Items from a data source
----
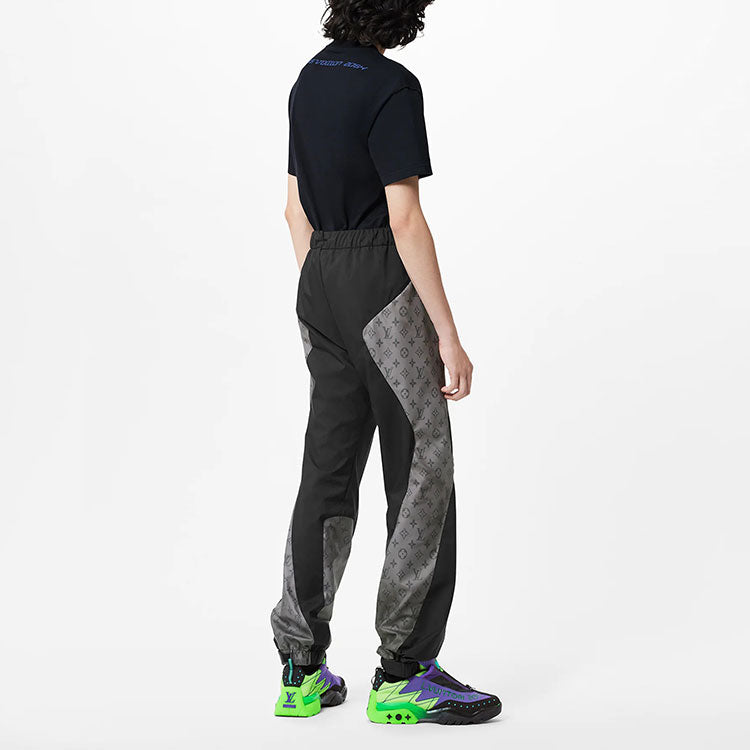 LOUIS VUITTON Knitted Sports Pants Men's Black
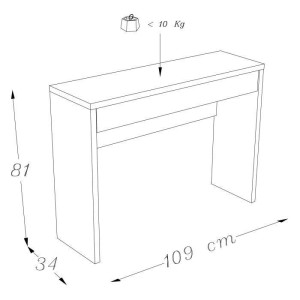 Meuble d'entrée, console ARENA coloris blanc. Meuble design pour votre entrée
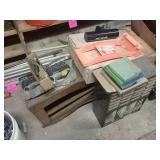 Electric panel box inside the cardboard box, to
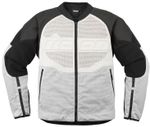 Overlord 3 Leather Jacket / Бело-черный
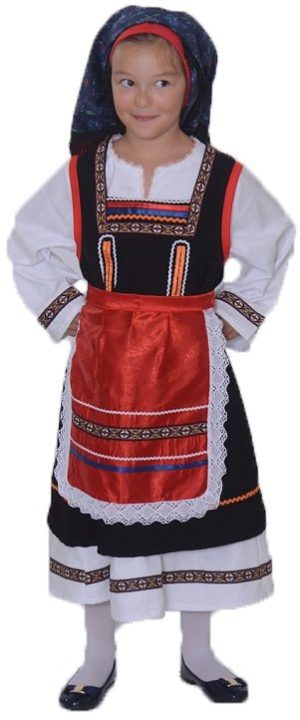 Παραδοσιακή Φορεσιά Θρακιώτισσα 4-12 Ετών MARK559 1 Σειρά Κολιέ Χωρίς Μαντήλι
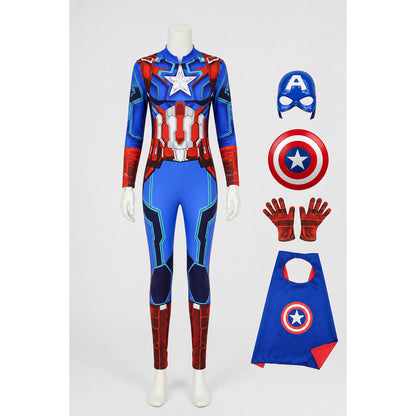 Captain America Costume with Cape and Mask Costume Capes detail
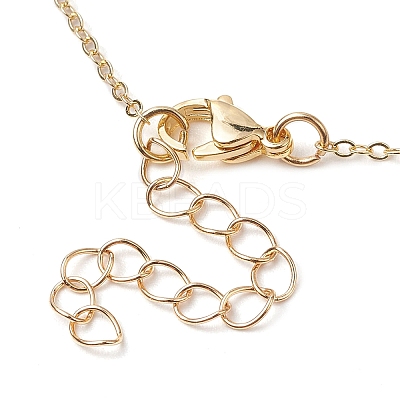 Brass Micro Pave Clear Cubic Zirconia Pendant Necklaces NJEW-JN04798-1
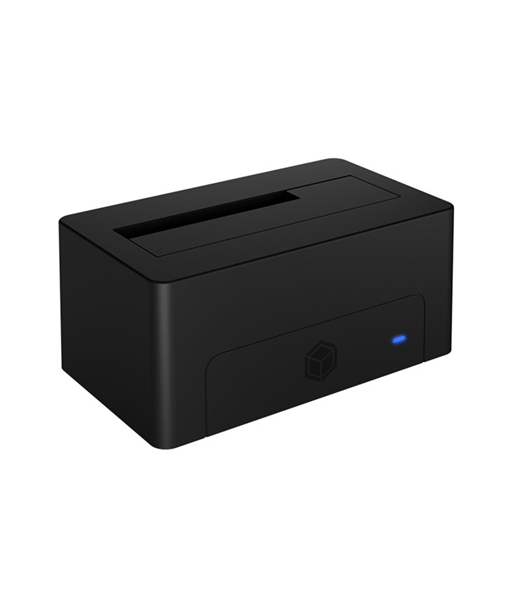Icy Box IB-1121-U3 DockingStation for 1x 2.5"/3.5" SATA I/II/III, USB 3.2 Gen 1, Power Supply, Black Raidsonic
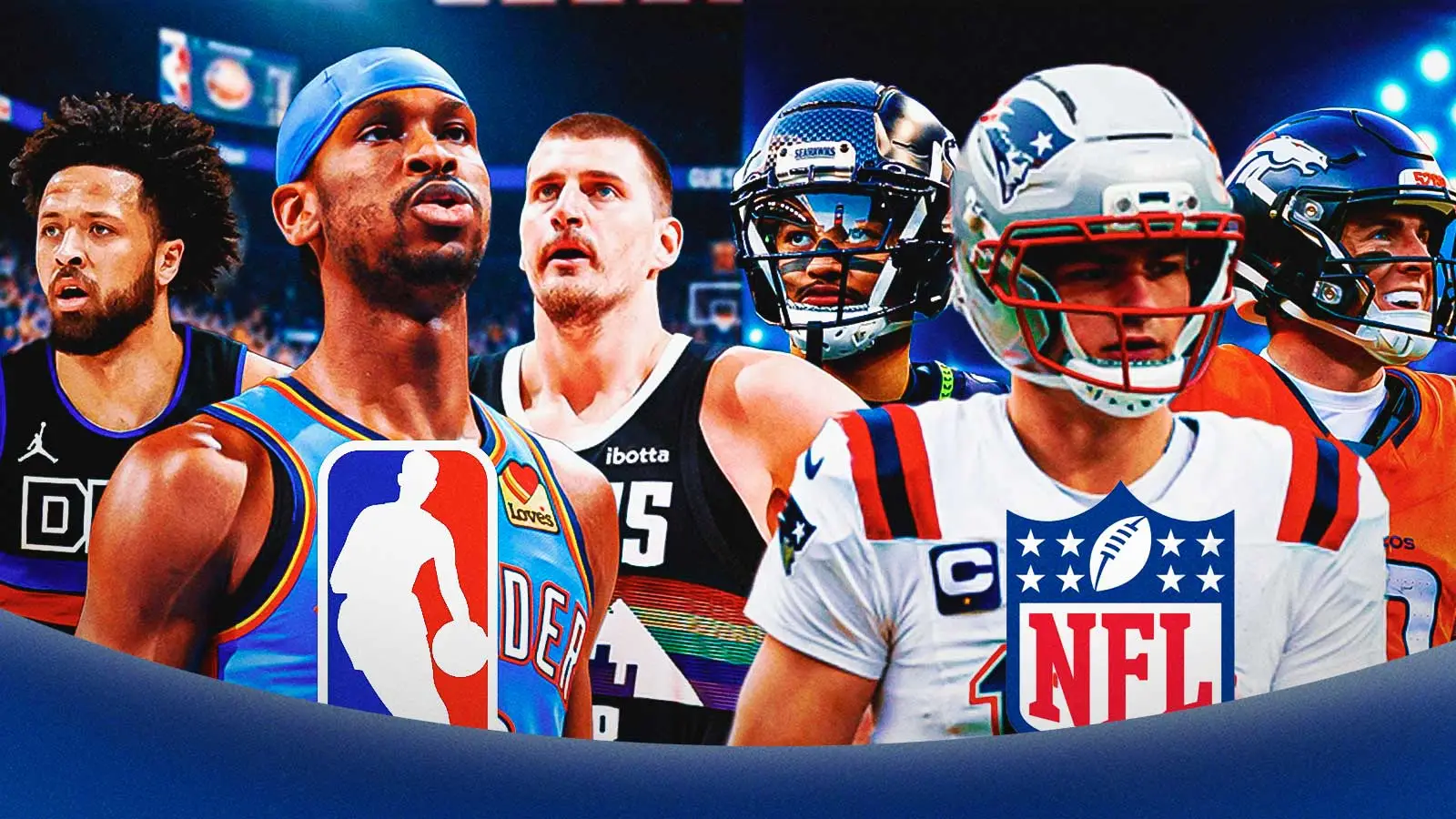愛國者隊對陣海鷹隊的超級碗證明 NFL 處於一個好的位置，就像 NBA 一樣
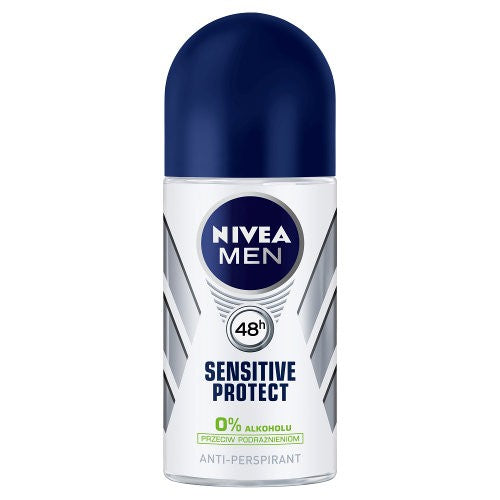 Nivea Men Sensitive Protect 48h - antyperspirant, roll-on, poj. 50 ml.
----
#### [Work request]
Set down all of the entries precisely and keep the pictures out of the copy.

#### [Worked solution]
 LOUIS VUITTON Knitted Sports Pants Men's Black
 Meuble d'entrée, console ARENA coloris blanc. Meuble design pour votre entrée
 Electric panel box inside the cardboard box, to
 Overlord 3 Leather Jacket / Бело-черный
 Παραδοσιακή Φορεσιά Θρακιώτισσα 4-12 Ετών MARK559 1 Σειρά Κολιέ Χωρίς Μαντήλι
 Captain America Costume with Cape and Mask Costume Capes detail
 Brass Micro Pave Clear Cubic Zirconia Pendant Necklaces NJEW-JN04798-1
Icy Box IB-1121-U3 DockingStation for 1x 2.5"/3.5" SATA I/II/III, USB 3.2 Gen 1, Power Supply, Black Raidsonic
愛國者隊對陣海鷹隊的超級碗證明 NFL 處於一個好的位置，就像 NBA 一樣
 Nivea Men Sensitive Protect 48h - antyperspirant, roll-on, poj. 50 ml.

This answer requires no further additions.